(Bloomberg) -- Hungarian Prime Minister Viktor Orban nominated his longtime finance minister Mihaly Varga to helm the central bank, with investors on alert for the potential loosening of monetary policy to boost the economy.
The premier lauded the soft-spoken, bespectacled 59-year old as the “most predictable and level-headed person.” But Varga will have to prove his independence as the government prepares to stimulate the economy ahead of the 2026 general elections. He will take over the National Bank of Hungary from March.
The forint gained 0.3% against the euro after the announcement, rebounding from a two-year low a day earlier. The change comes at a time when the economy is in a recession and doubts grow about how Orban will manage stimulus steps without crashing the cash-strapped budget. His ruling party trails a new opposition group in most polls.
“I can safely say that Mihaly Varga is Hungary’s most experienced economic policymaker and economist,” the prime minister said on state radio on Friday. Varga will succeed Governor Gyorgy Matolcsy, who has frequently criticized economic policy during his second and final term.
The measured Varga has been hard to parse for investors. He’s been a supporter of fiscal conservatism in successive Orban governments that have increasingly embraced freewheeling spending, especially after the Covid-19 pandemic. His influence waned as that of Economy Minister Marton Nagy, who’s backed heavy intervention in the economy and looser monetary policy, has surged.

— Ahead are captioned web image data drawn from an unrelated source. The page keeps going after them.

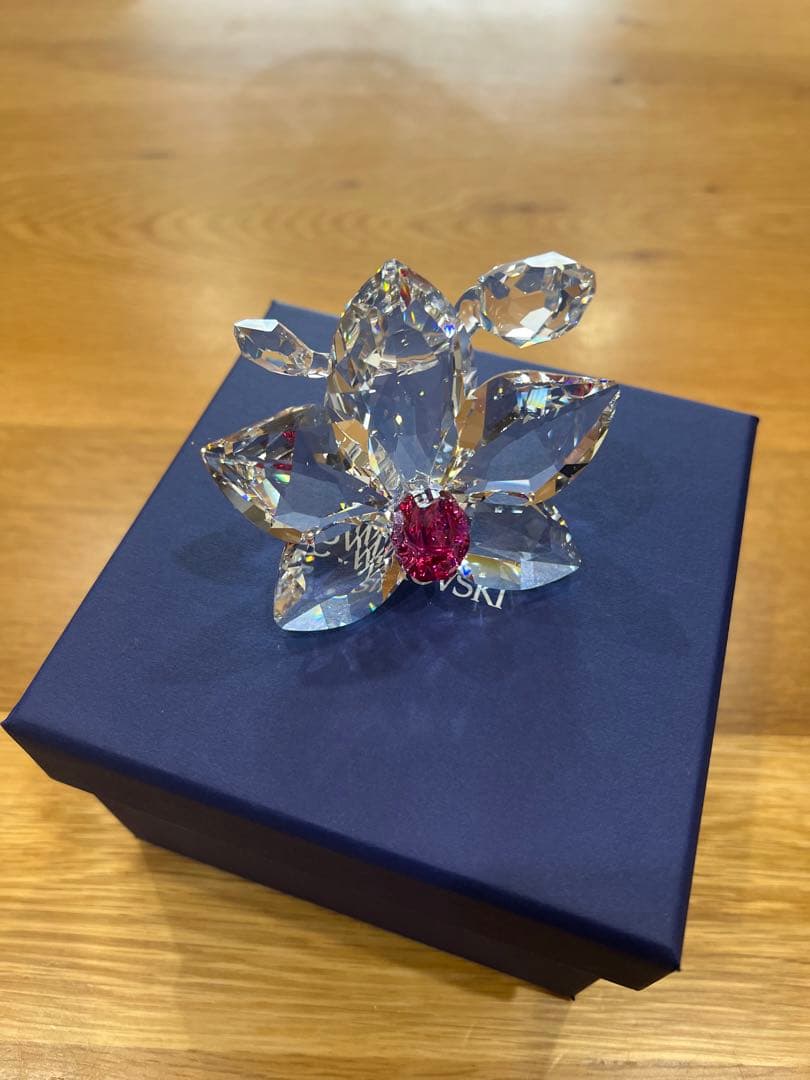 スワロフスキー SWAROVSKI クリスタル 花 フラワー 置物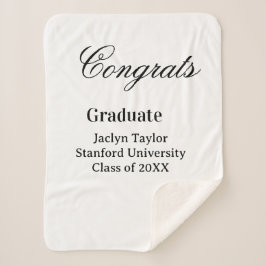 Congrats graduation name university name class of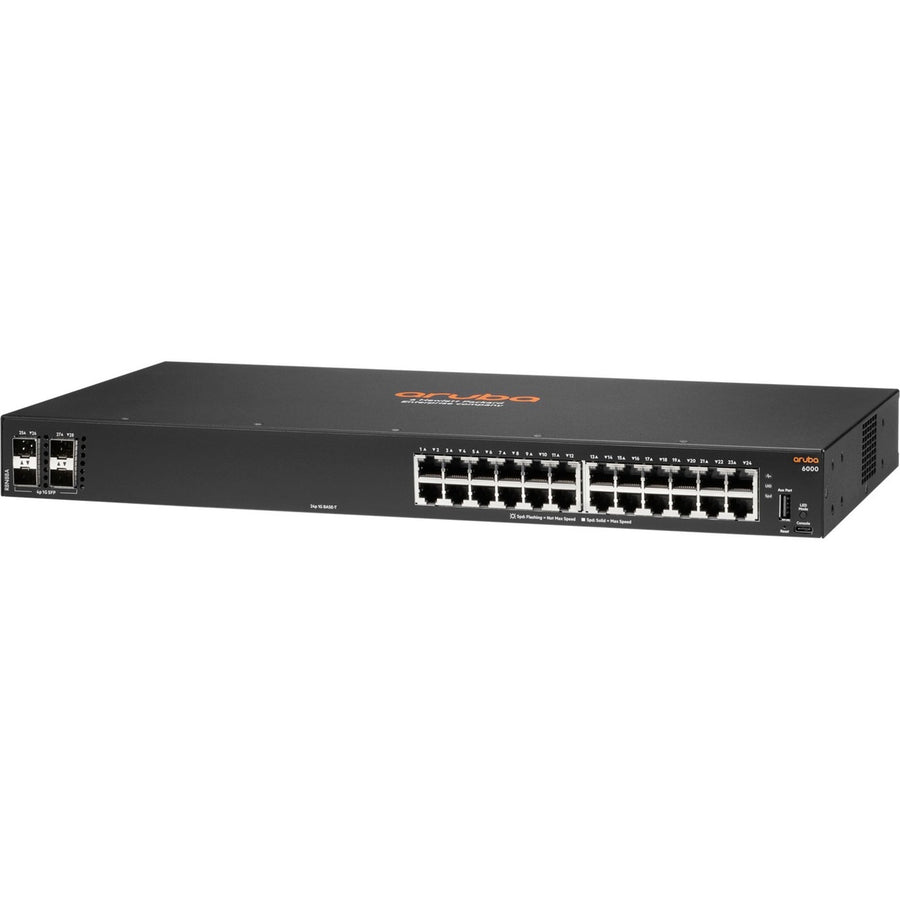HPE R8N88A#ABA 6000 24G 4SFP Switch - 24 Ports - Manageable - Gigabit Ethernet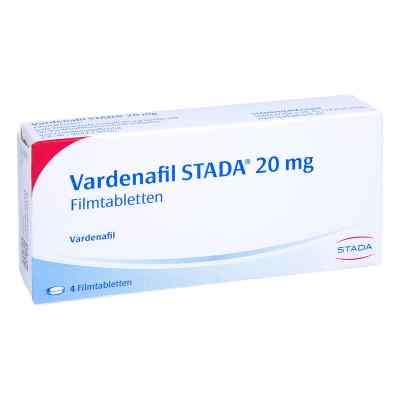 Vardenafil Stada 20 mg Filmtabletten 4 stk von STADAPHARM GmbH PZN 14053721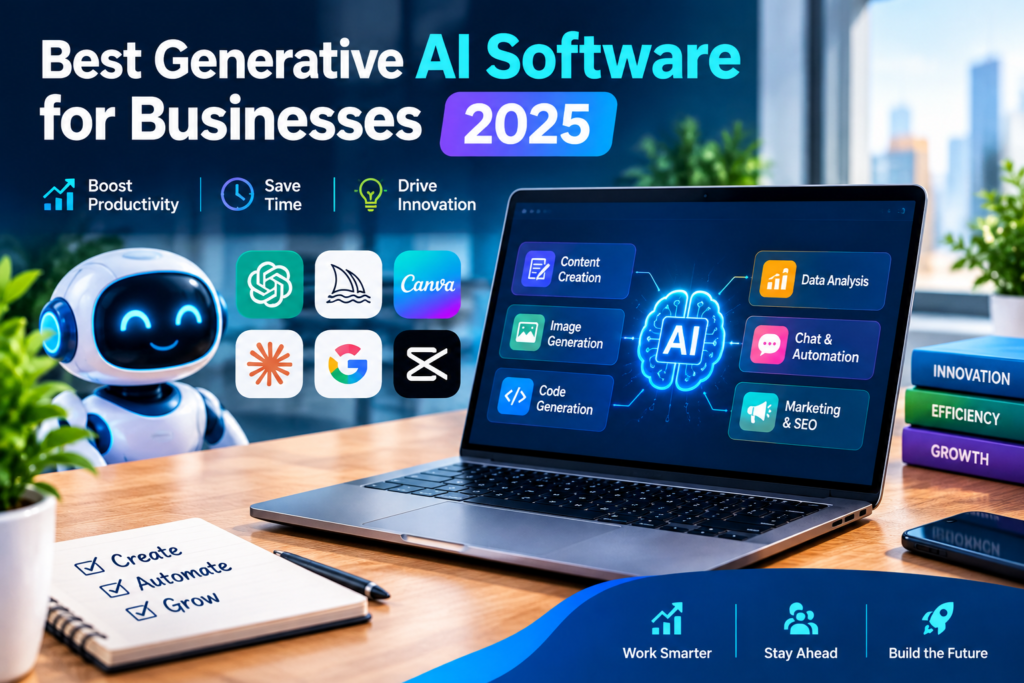best generative ai software for businesses 2025   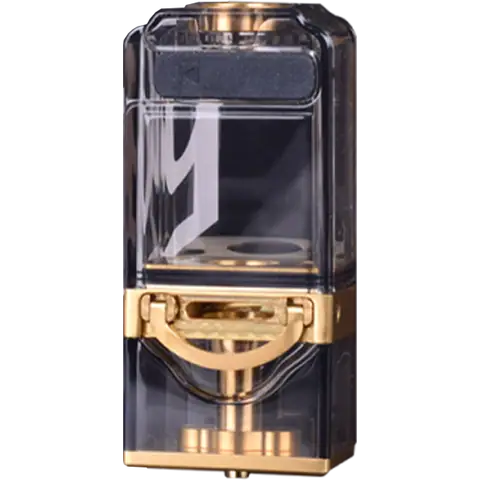 Suicide Mods Tall Boy Stubby Tank For Stubby AIO Gold RBA Version On Clear Background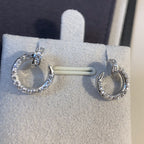 ¡®Jewelicorn¡¯JUSTE EARRINGS SILVER DIAMONDS
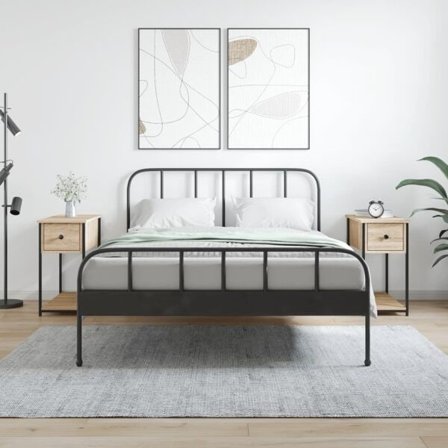 vidaXL Sängbord 2 st sonoma-ek 30x60x60 cm konstruerat trä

The main question for markets is whether Varga as central bank governor will resist potential government pressure that may risk fueling inflation or destabilizing the currency.
“Varga’s career so far would indicate a prudent and cautious approach to central bank policy,” despite concerns that political loyalties may get in the way, said Zoltan Torok, head of research at Raiffeisen Bank in Budapest. “My expectation is that as central bank governor, Varga will subordinate political loyalty to professional considerations.”
Loyalty Test
Varga may soon find himself in the cross-hairs of the government that he’s loyally served.
The forint’s weakness has forced the central bank to halt monetary easing in recent months despite the ongoing recession and headline price-growth near the bank’s 3% target. At 6.5%, the key rate is tied with Romania for the highest level in the European Union.
In a HirTV interview on Monday, Nagy said the benchmark interest rate can “hopefully” be lowered as it’s currently running more than 3 percentage points above inflation, which he said was “not justifiable.” Nagy’s influence over economic policy may grow as Orban has earlier indicated he’d inherit Varga’s finance ministry, though the prime minister didn’t confirm that in his latest statement.
On Friday, Nagy, who has been locked in a standoff with the central bank over monetary policy for years, said Varga would be an ally in kickstarting the economy while maintaining financial stability, Index news website reported.
“Markets will be looking for any kind of comment from him on monetary policy,” Peter Virovacz, an economist at ING Bank in Hungary, said of Varga. “He will probably say all the right things, from inflation stability, which is the primary objective, to exchange rate stability, which is also important.”
Orban’s government has been looking for a more pliant central bank to help it foster growth with looser monetary policy. Matolcsy, whom Orban previously called his right hand man on economy policy, has over time become one of the fiercest critics of fiscal profligacy.
Matolcsy had blamed a loose budget policy, including record election spending two years ago, for almost causing a currency crisis in 2022 and for fueling inflation to the highest level in the EU in its aftermath.
Addressing investor concerns, Cabinet Minister Gergely Gulyas told reporters Thursday that the government will continue to guarantee the independence of the next central bank governor.
“Hungary’s post-pandemic fiscal track record doesn’t inspire confidence in Minister Varga’s ability to resist political pressures,” said Viktor Szabo, an emerging-market fund manager at Abrdn Plc in London. “This is unlikely to change” at the central bank.